Les scandales déclenchés par l'affaire "Hormones" et "la crise de la vache folle" provoquent une remise en question de la politique relative à la sécurité alimentaire par la Commission européenne. Celle-ci édicte un Livre vert relatif à la législation alimentaire454, et publie le 12 janvier 2000, le Livre blanc sur la sécurité alimentaire455 qui présente une approche révolutionnaire de cette législation globale "de la ferme à la table".

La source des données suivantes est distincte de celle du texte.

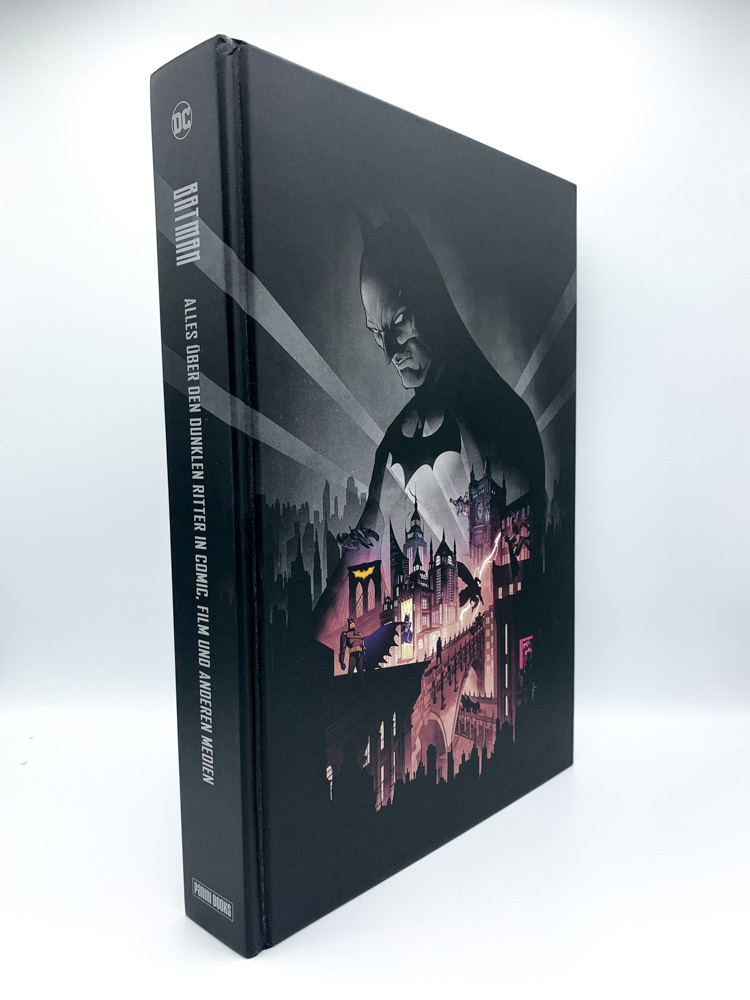 Bild: 9783833239090 | Batman: Definitive History of the Dark Knight | Andrew Farago (u. a.)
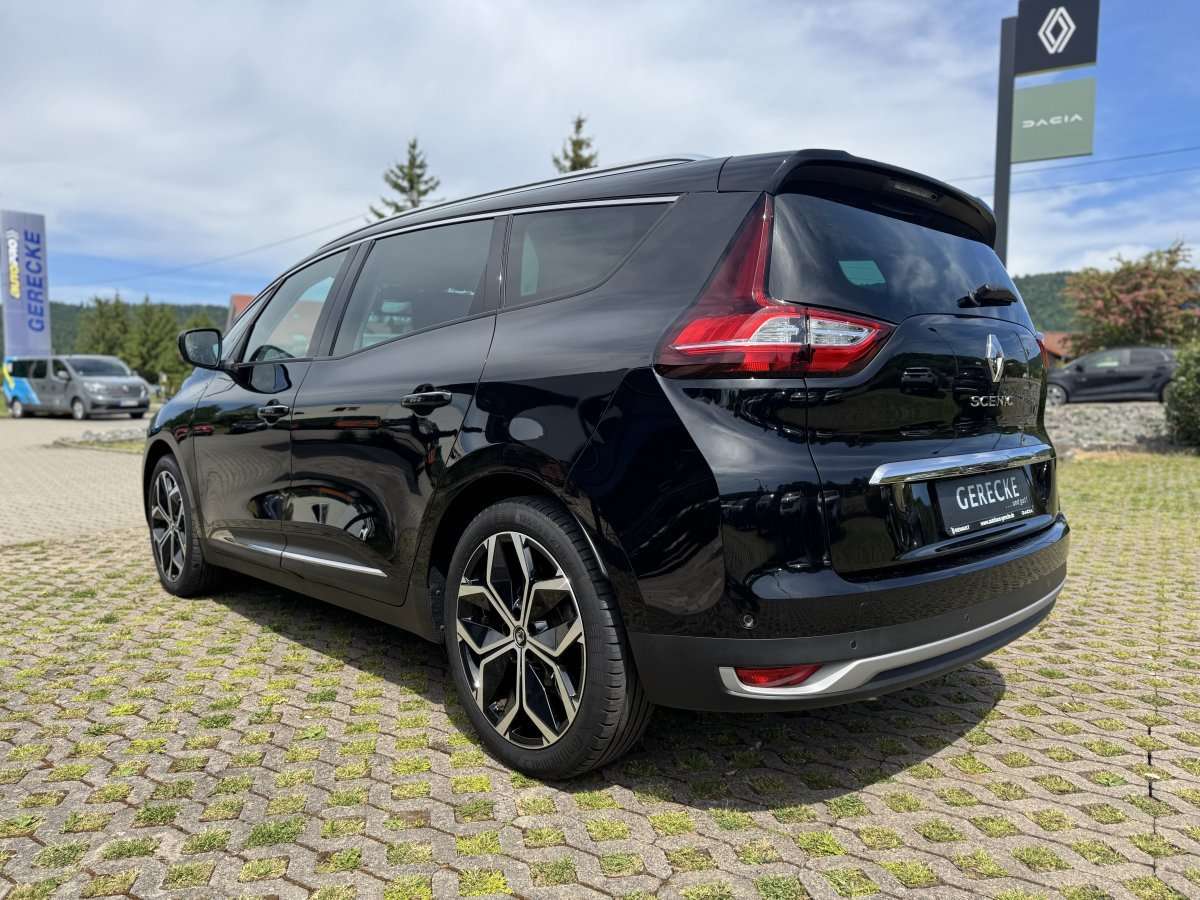 Fahrzeugbild eines Renault Grand Scénic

Paragraphe I - Crises alimentaires de la fin du XXe siècle
I - L'affaire "Hormones" ou les divergences sanitaires entre les systèmes international et communautaire
A - Litige entre les états-unis et l'union européenne

En janvier 1996, les États-Unis ont pris l'initiative de solliciter des consultations avec la Communauté européenne a propos de plusieurs directives adoptées Page 142 par le Conseil, en 1981456 et 1988457, prohibant l'administration d'hormones naturelles ou de synthèse à des animaux d'exploitation - sauf utilisation de trois hormones déterminées à des fins strictement thérapeutiques - et interdisant la mise sur le marché, ou l'importation en provenance de pays tiers, de viandes et de produits carnés traités avec ces substances. Àpartir du 1er janvier 1997, ces diverses directives ont été abrogées et remplacées par une directive unique reprenant intégralement le dispositif existant458.

Panels

Les consultations bilatérales s'étant révélées infructueuses, les États-Unis ont sollicité et obtenu l'établissement d'un panel, fin 1996, ainsi que le Canada par la suite. Le 30 juin 1997, les deux panels ont rendu leurs conclusions.

Face aux affirmations américaines et canadiennes selon lesquelles les dispositions communautaires constituaient en réalité des mesures de protection commerciale, les instances européennes affirmaient que les directives répondaient au contraire à de véritables considérations de santé publique. L'enjeu de ce contentieux était principalement de savoir dans quelle mesure un gouvernement dispose du pouvoir de déterminer le niveau de protection approprié pour garantir la santé de ses citoyens.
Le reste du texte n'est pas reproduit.